视觉-语言模型在组合推理中常受词序和属性绑定脆弱性困扰，源于对比预训练中缺乏区分细微语义变化的信息样本。本研究建立词汇具体性作为负样本有效性的决定因素，提出ConcretePlant方法系统操作感知概念，通过修改高具体性术语产生显著结构差异。针对InfoNCE梯度不平衡问题，提出Cement损失函数，采用基于边界的方法关联心理语言学分数与样本难度，动态校准惩罚强度。集成框架Slipform在组合评估基准、跨模态检索及线性探测任务上均达到最先进准确率。

## 正文

Vision-Language Models demonstrate remarkable capabilities but often struggle with compositional reasoning, exhibiting vulnerabilities regarding word order and attribute binding. This limitation arises from a scarcity of informative samples needed to differentiate subtle semantic variations during contrastive pretraining. Although hard negative mining offers a promising remedy, existing methods lack explicit mechanisms to dictate which linguistic elements undergo modification. Instead of engineering generative architectures, this study establishes lexical concreteness as a fundamental determinant of negative sample efficacy. Modifying highly concrete terms generates more pronounced structural and visual discrepancies, providing a substantially stronger learning signal.

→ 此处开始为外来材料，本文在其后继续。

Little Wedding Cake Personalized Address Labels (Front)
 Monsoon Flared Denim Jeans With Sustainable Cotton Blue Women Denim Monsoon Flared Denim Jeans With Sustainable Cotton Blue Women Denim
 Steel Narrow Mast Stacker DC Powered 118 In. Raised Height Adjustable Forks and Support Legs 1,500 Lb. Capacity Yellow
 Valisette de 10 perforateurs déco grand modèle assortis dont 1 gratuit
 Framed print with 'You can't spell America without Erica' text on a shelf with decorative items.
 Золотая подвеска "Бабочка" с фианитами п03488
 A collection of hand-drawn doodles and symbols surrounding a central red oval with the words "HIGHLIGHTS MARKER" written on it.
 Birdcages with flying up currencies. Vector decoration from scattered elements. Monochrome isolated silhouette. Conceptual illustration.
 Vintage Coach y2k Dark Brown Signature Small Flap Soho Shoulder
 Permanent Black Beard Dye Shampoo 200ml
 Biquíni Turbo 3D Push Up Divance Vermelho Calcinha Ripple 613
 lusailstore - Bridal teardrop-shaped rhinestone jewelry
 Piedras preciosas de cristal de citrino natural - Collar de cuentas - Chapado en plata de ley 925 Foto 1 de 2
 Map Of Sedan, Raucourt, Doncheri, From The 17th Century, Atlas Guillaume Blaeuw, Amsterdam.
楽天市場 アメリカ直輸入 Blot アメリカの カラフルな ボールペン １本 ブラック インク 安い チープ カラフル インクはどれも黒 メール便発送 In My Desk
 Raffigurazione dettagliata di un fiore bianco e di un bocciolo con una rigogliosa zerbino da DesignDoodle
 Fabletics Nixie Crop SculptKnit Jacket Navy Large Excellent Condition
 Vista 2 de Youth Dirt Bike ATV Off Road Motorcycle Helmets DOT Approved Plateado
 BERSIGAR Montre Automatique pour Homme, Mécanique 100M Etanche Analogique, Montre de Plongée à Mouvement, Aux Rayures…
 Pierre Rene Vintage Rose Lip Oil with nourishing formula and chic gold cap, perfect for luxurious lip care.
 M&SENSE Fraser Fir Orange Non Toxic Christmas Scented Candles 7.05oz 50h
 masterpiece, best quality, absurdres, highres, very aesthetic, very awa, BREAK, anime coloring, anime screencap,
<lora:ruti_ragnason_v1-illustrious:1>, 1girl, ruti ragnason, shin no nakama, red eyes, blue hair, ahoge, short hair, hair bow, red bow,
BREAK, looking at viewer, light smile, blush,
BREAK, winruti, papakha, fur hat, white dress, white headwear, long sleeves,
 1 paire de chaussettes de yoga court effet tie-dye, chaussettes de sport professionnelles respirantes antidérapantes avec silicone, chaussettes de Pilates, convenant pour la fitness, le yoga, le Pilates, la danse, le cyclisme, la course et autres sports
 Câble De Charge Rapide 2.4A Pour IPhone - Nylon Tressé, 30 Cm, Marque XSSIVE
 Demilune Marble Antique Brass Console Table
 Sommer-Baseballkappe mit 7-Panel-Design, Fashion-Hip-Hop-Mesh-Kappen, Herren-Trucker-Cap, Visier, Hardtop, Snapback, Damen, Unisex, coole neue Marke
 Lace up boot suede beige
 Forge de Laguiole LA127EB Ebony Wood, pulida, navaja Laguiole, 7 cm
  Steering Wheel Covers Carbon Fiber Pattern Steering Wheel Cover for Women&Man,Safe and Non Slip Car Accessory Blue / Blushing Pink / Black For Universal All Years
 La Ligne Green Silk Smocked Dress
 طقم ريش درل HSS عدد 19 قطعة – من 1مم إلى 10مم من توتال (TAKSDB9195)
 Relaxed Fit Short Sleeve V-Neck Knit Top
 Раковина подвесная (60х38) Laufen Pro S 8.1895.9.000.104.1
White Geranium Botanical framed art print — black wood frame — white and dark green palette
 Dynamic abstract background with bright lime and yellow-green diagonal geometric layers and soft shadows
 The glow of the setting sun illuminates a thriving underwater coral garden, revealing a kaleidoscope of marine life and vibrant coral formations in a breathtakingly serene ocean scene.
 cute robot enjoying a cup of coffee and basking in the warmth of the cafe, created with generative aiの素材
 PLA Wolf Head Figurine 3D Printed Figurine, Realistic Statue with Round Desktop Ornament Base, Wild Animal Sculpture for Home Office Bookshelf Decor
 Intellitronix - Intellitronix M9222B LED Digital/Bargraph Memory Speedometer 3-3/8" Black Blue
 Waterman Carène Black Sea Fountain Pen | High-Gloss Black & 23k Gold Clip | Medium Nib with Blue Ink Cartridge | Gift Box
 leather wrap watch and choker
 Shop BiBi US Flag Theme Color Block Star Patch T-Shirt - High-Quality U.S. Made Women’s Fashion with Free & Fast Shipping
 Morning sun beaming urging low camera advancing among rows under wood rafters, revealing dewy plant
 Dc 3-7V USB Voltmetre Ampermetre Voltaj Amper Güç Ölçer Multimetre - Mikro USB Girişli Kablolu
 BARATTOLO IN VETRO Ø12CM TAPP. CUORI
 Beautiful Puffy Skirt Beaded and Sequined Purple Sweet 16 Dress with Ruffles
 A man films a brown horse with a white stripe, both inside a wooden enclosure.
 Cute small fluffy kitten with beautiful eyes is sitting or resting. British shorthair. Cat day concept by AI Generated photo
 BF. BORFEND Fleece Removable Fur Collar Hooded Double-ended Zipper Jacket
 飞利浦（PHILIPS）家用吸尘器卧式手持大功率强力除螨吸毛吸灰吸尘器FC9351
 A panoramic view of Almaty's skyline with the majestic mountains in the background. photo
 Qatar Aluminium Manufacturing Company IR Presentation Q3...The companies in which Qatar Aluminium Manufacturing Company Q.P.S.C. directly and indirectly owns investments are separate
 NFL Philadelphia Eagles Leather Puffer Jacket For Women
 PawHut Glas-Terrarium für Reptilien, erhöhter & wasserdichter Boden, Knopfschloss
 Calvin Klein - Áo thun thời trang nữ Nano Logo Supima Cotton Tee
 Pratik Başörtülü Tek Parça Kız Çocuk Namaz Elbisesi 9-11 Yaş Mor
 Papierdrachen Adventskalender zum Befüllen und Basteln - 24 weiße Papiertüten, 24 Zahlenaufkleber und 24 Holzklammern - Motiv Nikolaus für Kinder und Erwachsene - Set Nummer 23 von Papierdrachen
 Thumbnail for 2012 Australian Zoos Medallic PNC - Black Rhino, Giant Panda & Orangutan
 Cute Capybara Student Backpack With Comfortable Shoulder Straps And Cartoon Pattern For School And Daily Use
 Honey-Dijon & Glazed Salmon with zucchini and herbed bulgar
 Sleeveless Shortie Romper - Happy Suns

Leveraging this principle, ConcretePlant is proposed to systematically isolate and manipulate perceptually grounded concepts. Analyses of the InfoNCE further reveals a severe gradient imbalance, where easily distinguishable pairs disproportionately overwhelm the optimization process and restrict the bandwidth available for nuanced learning. To resolve this degradation, the Cement loss is formulated utilizing a margin-based approach. By correlating psycholinguistic scores with sample difficulty, this objective dynamically calibrates the penalization applied to individual training pairs. Comprehensive evaluations substantiate these theoretical claims. The integrated framework, designated as Slipform, achieves state-of-the-art accuracy across diverse compositional evaluation benchmarks, general cross-modal retrieval, single and multi label linear probing.